Sepak Bola Harus seperti Tinju

Diperbarui: 12 Juli 2016   12:08

Kompasiana adalah platform blog. Konten ini menjadi tanggung jawab bloger dan tidak mewakili pandangan redaksi Kompas.

Muhammad Ali dan Pele | Foto: Istimewa

Pesta Euro 2016 telah usai. Juara baru, Portugal, berpesta di kandang “Ayam Jantan” Prancis. Eder, pemain pengganti, tampil sebagai pahlawan lewat golnya di babak tambahan waktu. Prancis menangis. Sejarah tak berulang. Kandang “Ayam” pun berubah jadi arena adu tangis. Catatan menarik lainnya, Cristiano Ronaldo, juga harus menangis karena tak mampu menyelesaikan pertandingan akibat cedera. 

Meski demikian, tangisan Ronaldo berubah menjadi tangisan bahagia di akhir laga. Cinta “Sang Dewi” ternyata begitu tulus. Selamat buat Cristiano dkk. Hasil tersebut bisa saja membawa Cristiano meraih Ballon d’Or 2016 meski nir kontribusi di laga final. Saya punya prediksi tentang empat besar Ballon d’Or 2016, yakni Cristiano, Messi, Suarez dan Griezmann. Meski demikian, saya hadir lewat tulisan tidak untuk mengupas hasil final Euro. Saya lebih tertarik membahas adu tendangan penalti, yang pada Euro kali ini sempat terjadi sebanyak tiga kali.

Tak ada satu pun pelatih yang menginginkan timnya menyelesaikan sebuah pertandingan lewat adu tendangan penalti. Kalau bisa menang dalam waktu normal, kenapa harus menunggu waktu tambahan atau harus melewati tos-tosan adu penalti? Adu tendangan 12 pas adalah cara terakhir untuk menentukan sang pemenang sebuah laga, jika dalam waktu normal dan extra time  kedua tim bermain imbang. 
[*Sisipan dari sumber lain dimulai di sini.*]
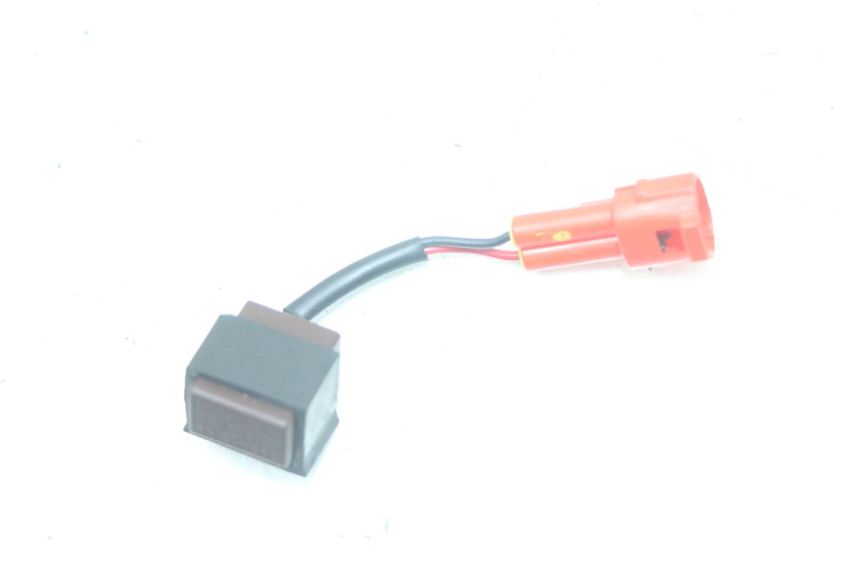 photo de RELE HUSQVARNA SVARTPILEN 401 (2018 - 2023) - Primer plano técnico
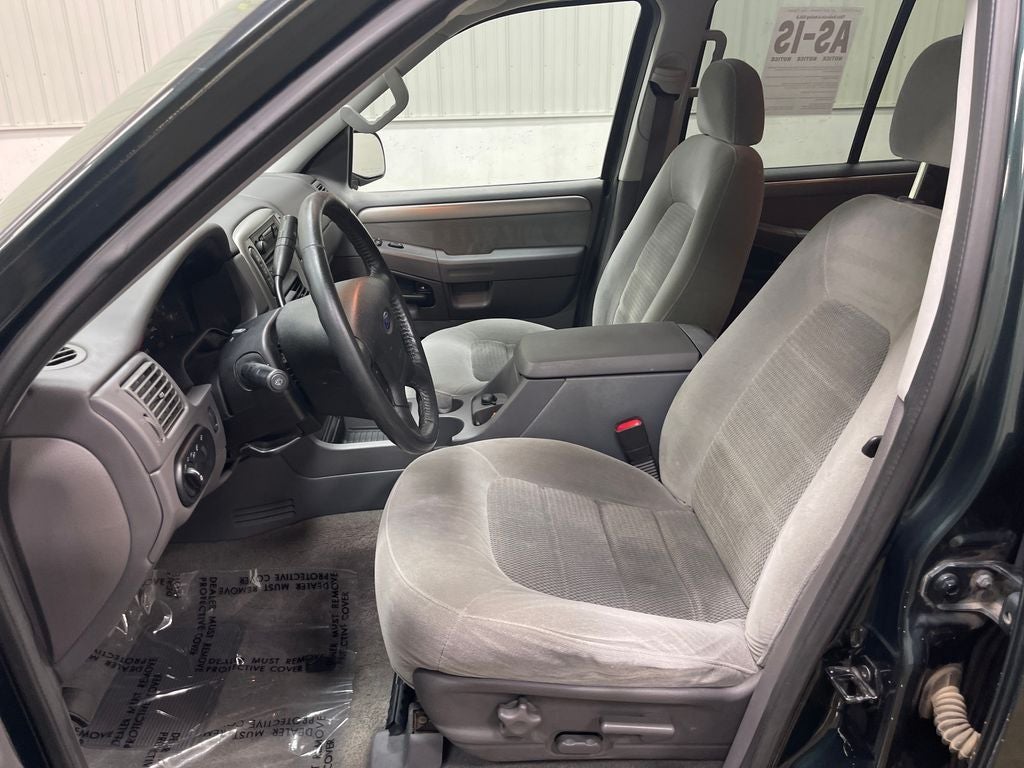 2004 Ford Explorer XLT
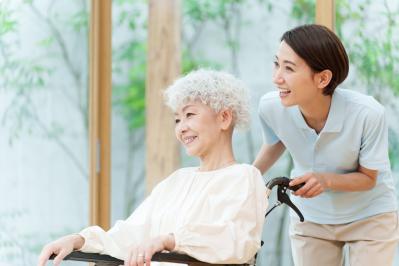 認知症介護のおすすめ【最新グッズ8選】服薬管理・見守り・徘徊GPS・転倒対策で介護の負担減！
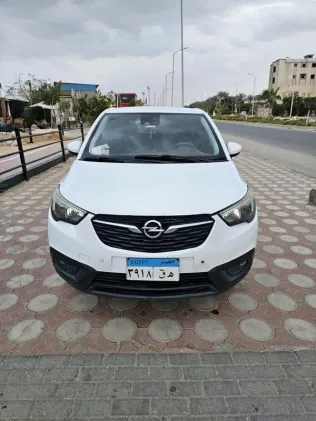 اوبل كروس لاند 2018 أبيض مستعملة للبيع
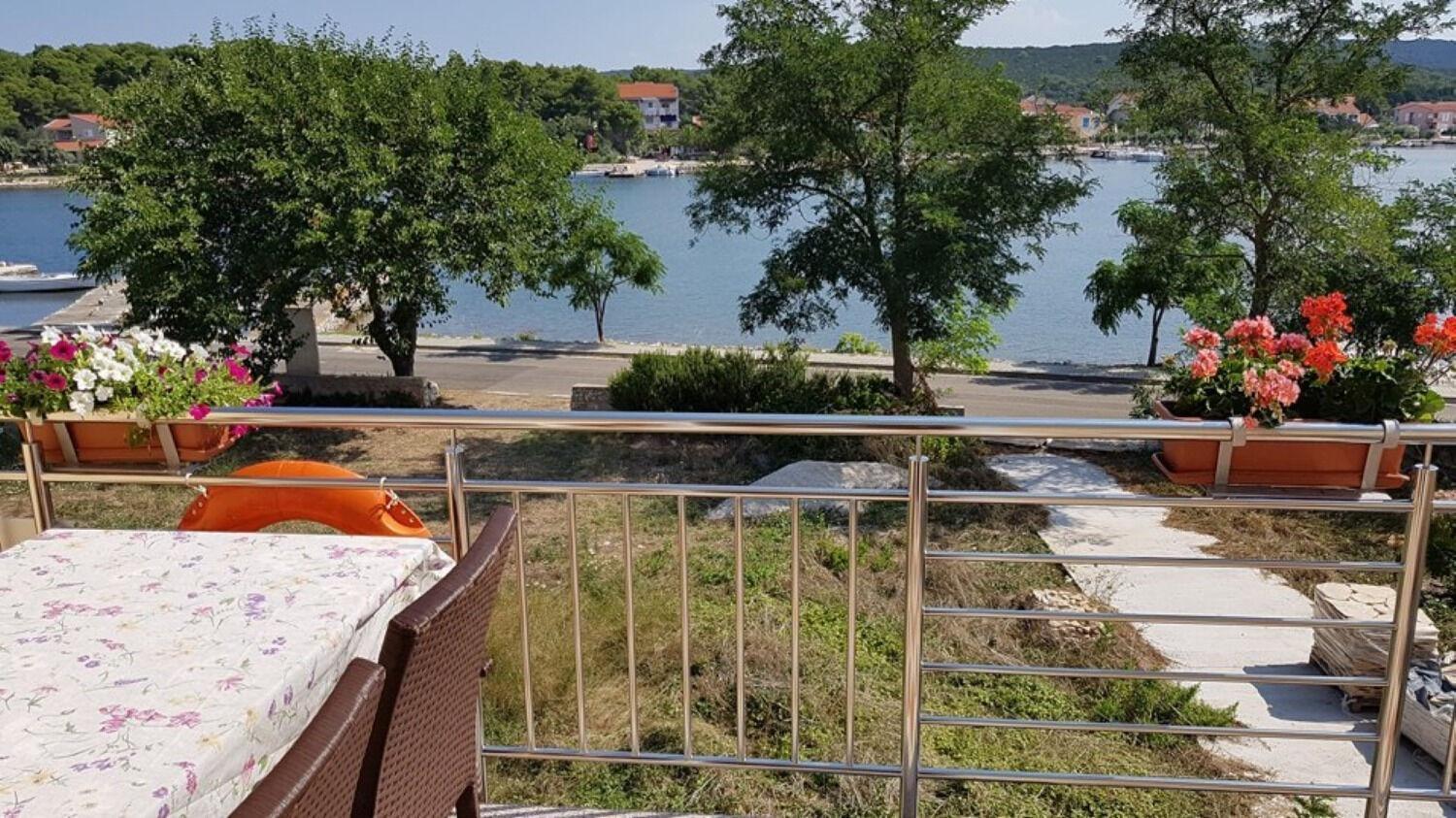 Apartment Zvone Veli Rat Esterno foto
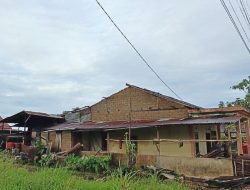 Kengerian Petang di Desa Kapur: Angin Misterius Datang Tiba-Tiba, Rumah Warga Porak Poranda!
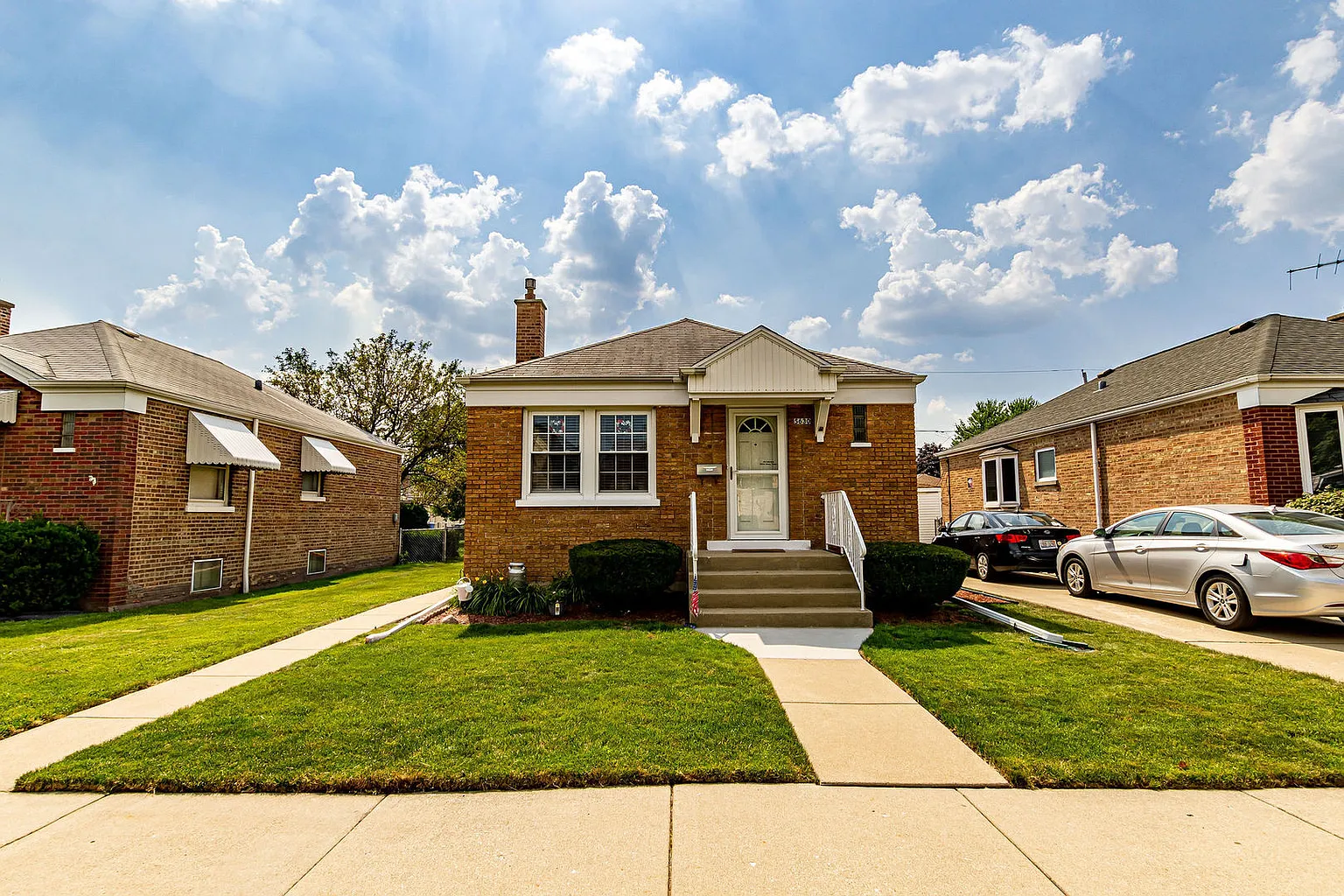 5630 S Newland Ave photo 1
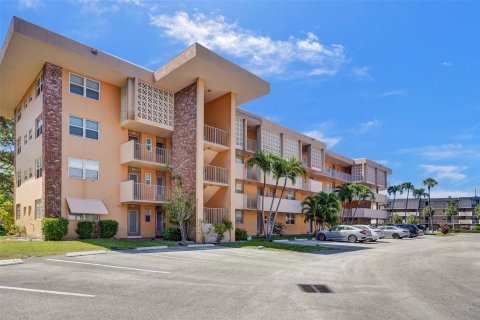 Condo in Lauderdale Lakes, Florida, 2 bedrooms  № 1208058 - photo 4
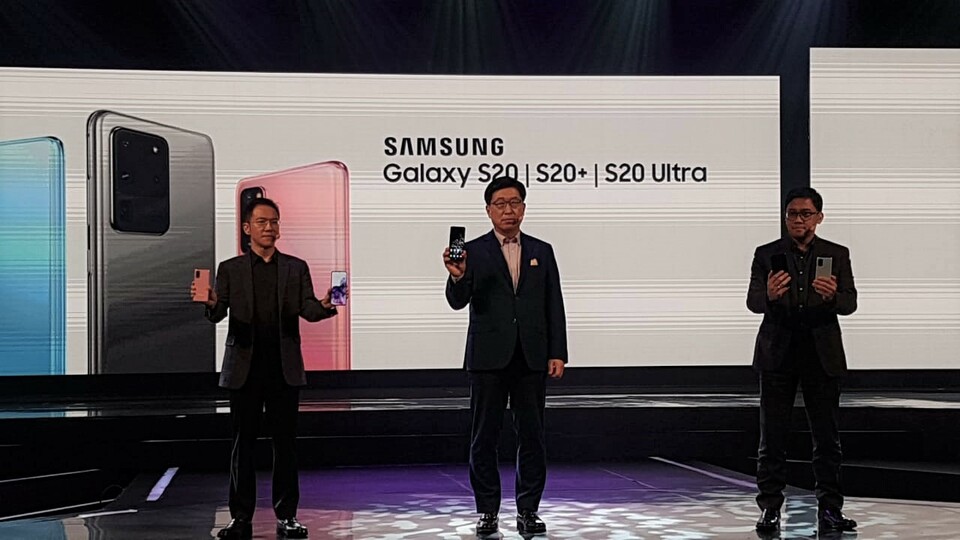 Kwon Jae Hoon, the president director of Samsung Electronics Indonesia, center, unveils the Samsung Galaxy S20 series and the Galaxy Z Flip in Jakarta on Wednesday. (JG Photo/Nur Yasmin)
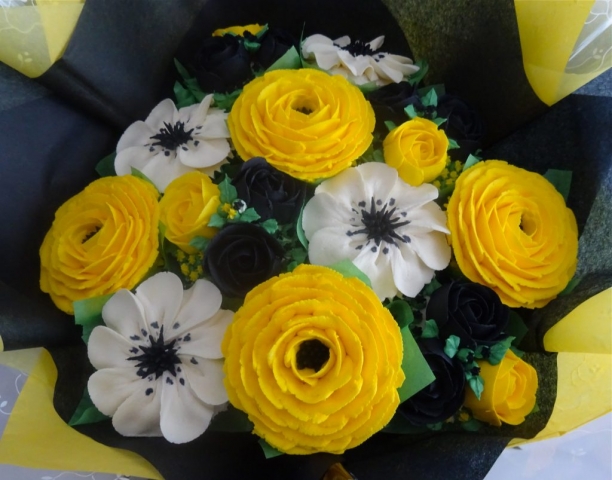 "Deluxe Medium Bouquet in Yellow, Black, White"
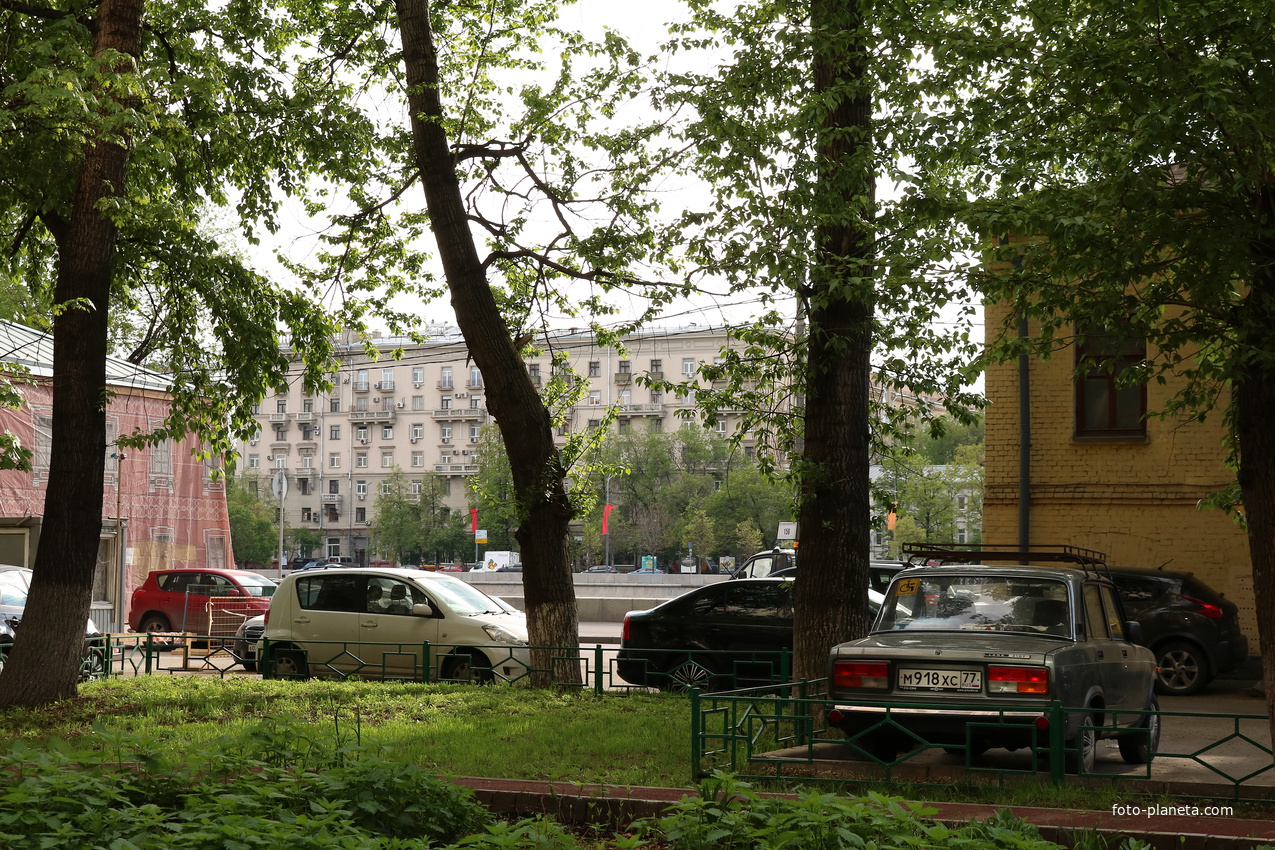 Гончарная набережная, 3, сквер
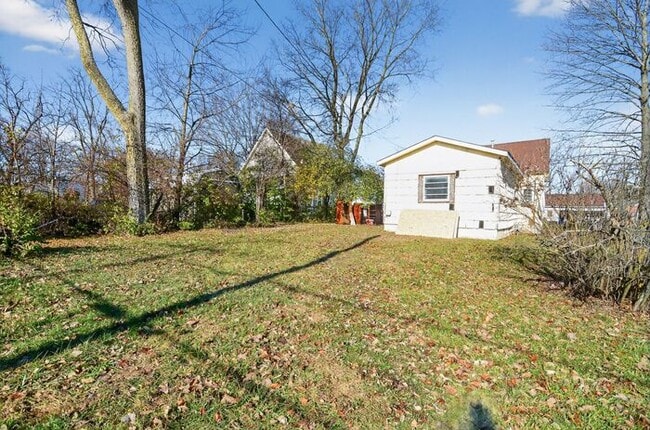 Photo - 2405 W 10th St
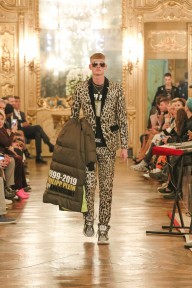 Look 18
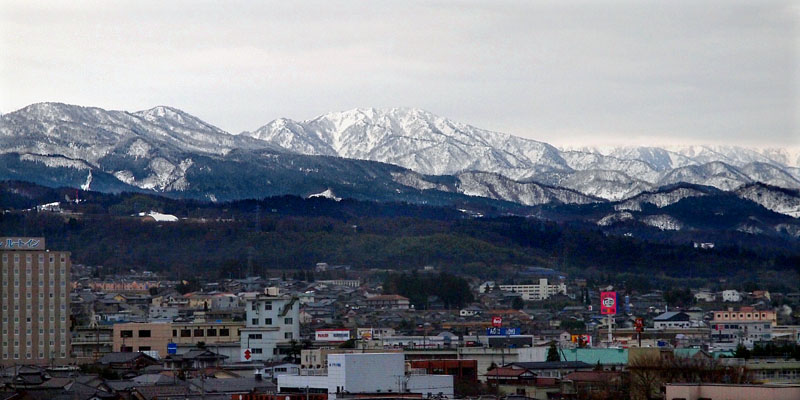 雪嶺の立山連峰/魚津駅前の高層ホテルからの眺望
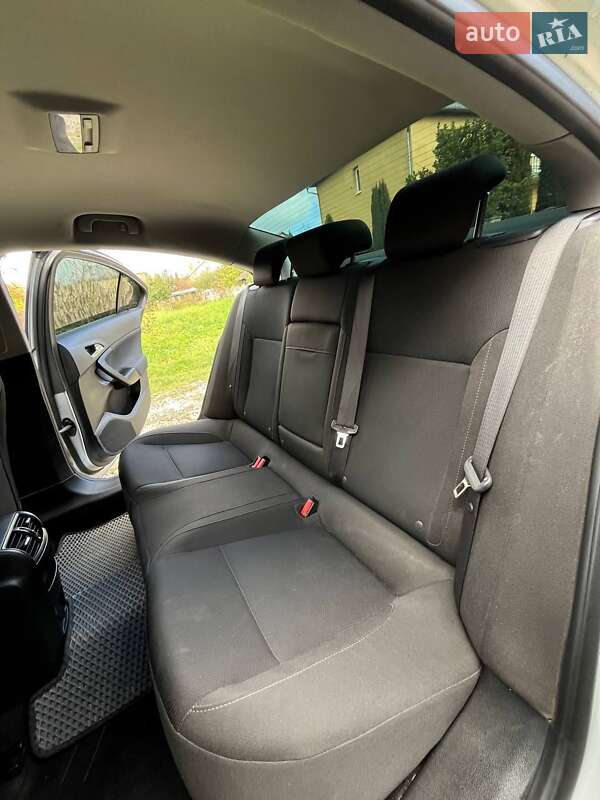 Седан Opel Insignia 2011 в Коломые фото 9 Седан Opel Insignia 2011 в Коломые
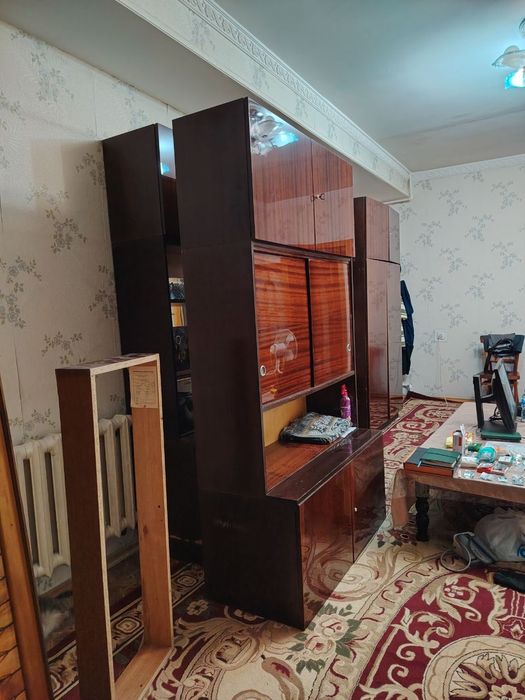 Продаётся мебельная стенка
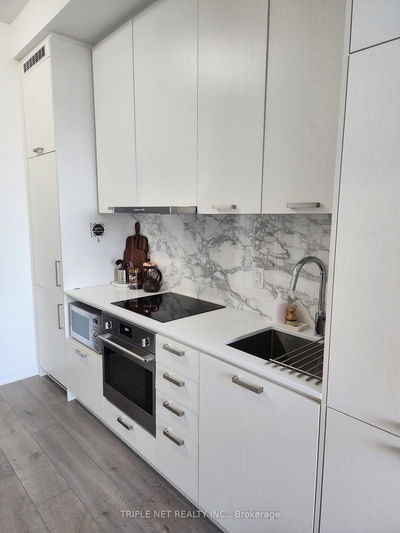 Unit 1205 — 10 honeycrisp Cres, Vaughan - Concord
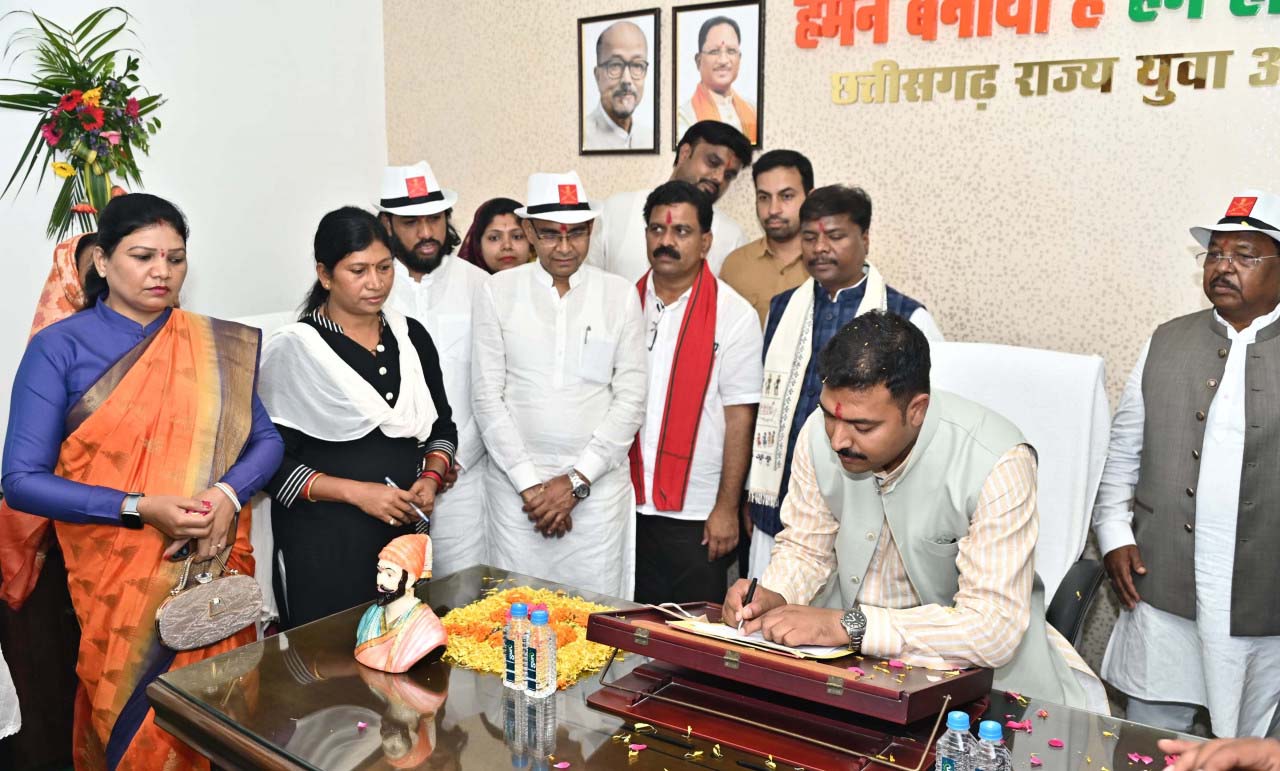 युवा आयोग के नव नियुक्त अध्यक्ष विश्व विजय सिंह तोमर युवा आयोग के नव नियुक्त अध्यक्ष विश्व विजय सिंह तोमर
Istilah saya, tim yang menang adu penalti ibarat tim menang “arisan”. Ketika adu penalti diambil, maka sejatinya kedua tim resmi dinyatakan imbang. Itulah sebabnya kenapa gol yang dicetak lewat adu penalti tidak dicatat sebagai gol murni pemain. Hasilnya pun tidak dimasukkan dalam penghitungan gol. Hasil resmi yang menjadi acuan adalah tetap imbang. Makanya adu penalti biasanya dilakukan pada babak knockout atau sistem gugur.

Olehnya itu, karena harus ada tim yang melangkah ke babak berikutnya, ataukah menentukan sang jawara, maka mau tidak mau jalan terakhir berupa adu penalti harus diambil. Suka tidak suka,  pelatih dan pemain harus siap mengambil tugas berat tersebut. Aturan adu penalti sudah dilakukan UEFA dan FIFA sejak 1970-an. 

Dan hingga sekarang selalu dijadikan opsi terakhir untuk menetapkan sebuah pemenang. Nah, pertanyaannya, sudah adilkah aturan adu tendangan penalti diambil dalam menentukan sang pemenang? Apakah sebuah tim yang bermain baik dan menguasai jalannya laga dan unggul dalam statistik pertandingan harus kalah lawan tim yang memainkan sepak bola “negatif” dengan acara tos-tosan adu penalti?

Argentina dua kali mengalami hal menyakitkan di laga final. Final Copa America 2015 dan 2016 menjadi bukti sahih betapa opsi adu tendangan penalti tidak adil dalam sepak bola. Pun di Piala Eropa, di mana Polandia harus angkat koper akibat disingkirkan Portugal di babak perempat final. Belum lagi Italia yang tersingkir lewat jalan yang sama oleh Jerman di babak delapan besar. 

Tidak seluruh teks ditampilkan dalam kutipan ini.